That Mitt Romney has flip-flopped on social issues in his attempt to pander to the conservative Republican base in order to win the Republican nomination for President is old news. Nonetheless, a story in today’s New York Times provides a nice description of how Romney’s position has:and has not:changed on lesbian and gay rights. For me, the most interesting part of the story was a description of how Romney dissuaded one of his sons from becoming a Democrat in the early 1990s (unfortunately, as we will see below, the exact year in which this conversation occurred was not more precisely specified).
Romney took his son through the differences between Republicans and Democrats, and he explicitly warned his son that, even though it is wrong to discriminate,”where Democrats are going, they’ll eventually want to extend marriage to gays.”This warning raises some serious questions about Romney’s attitudes toward lesbians and gay men.
In the early 1990s, same-sex marriage was not the lightning rod issue that it is today because it did not even appear to be within the realm of possibility at that time. The first wave of litigation regarding same-sex marriage had occurred in the 1970s and had been entirely unsuccessful. As a result, the issue was largely dormant from then until 1993, when the Hawaii Supreme Court first raised the specter of legally-recognized same-sex relationships. This watershed was followed by the enactment of the federal Defense of Marriage Act in 1996, which, having been passed by a Republican Congress and signed by a Democratic President, was designed to ensure that any victory in Hawaii (which, in the end, was not to be) would be of limited effect. It was not until the end of the 1990s that we saw the first concrete step toward legally recognizing lesbian and gay relationships:when Vermont enacted its civil union regime in 1999.

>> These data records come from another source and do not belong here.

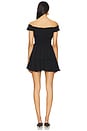 view 3 of 3 Billie Off Shoulder Dress in Black
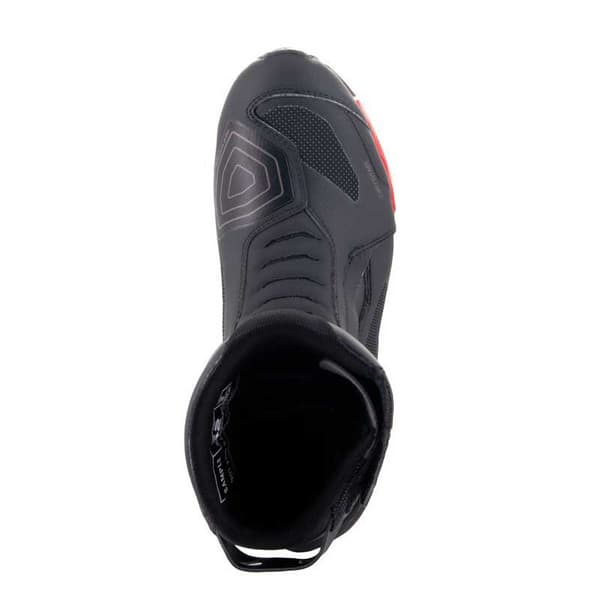 Alpinestars Rt-7 Drystar Moottoripyörän Maantie Saappaat Musta EU 42 Mies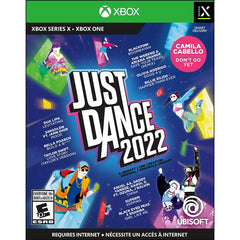 Just Dance 2022 [Xbox Series X / Xbox One] Xbox Series X Video Game Ubisoft   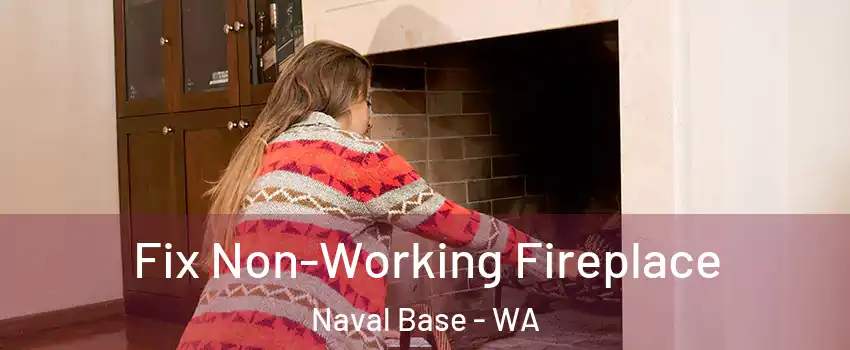Fix Non-Working Fireplace Naval Base - WA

This timeline raises an interesting question: Why was Romney so worried about same-sex marriage early in the 1990s when no one else was? Is this story merely self-serving revisionist history? Or, more troublingly, is it evidence that Romney’s dissembling actually occurred while he was governor of Massachusetts (as possibly evidenced in the New York Times story by the reference to a 1994 speech in which Romney allegedly called homosexuality”perverse”) and not now during the presidential campaign?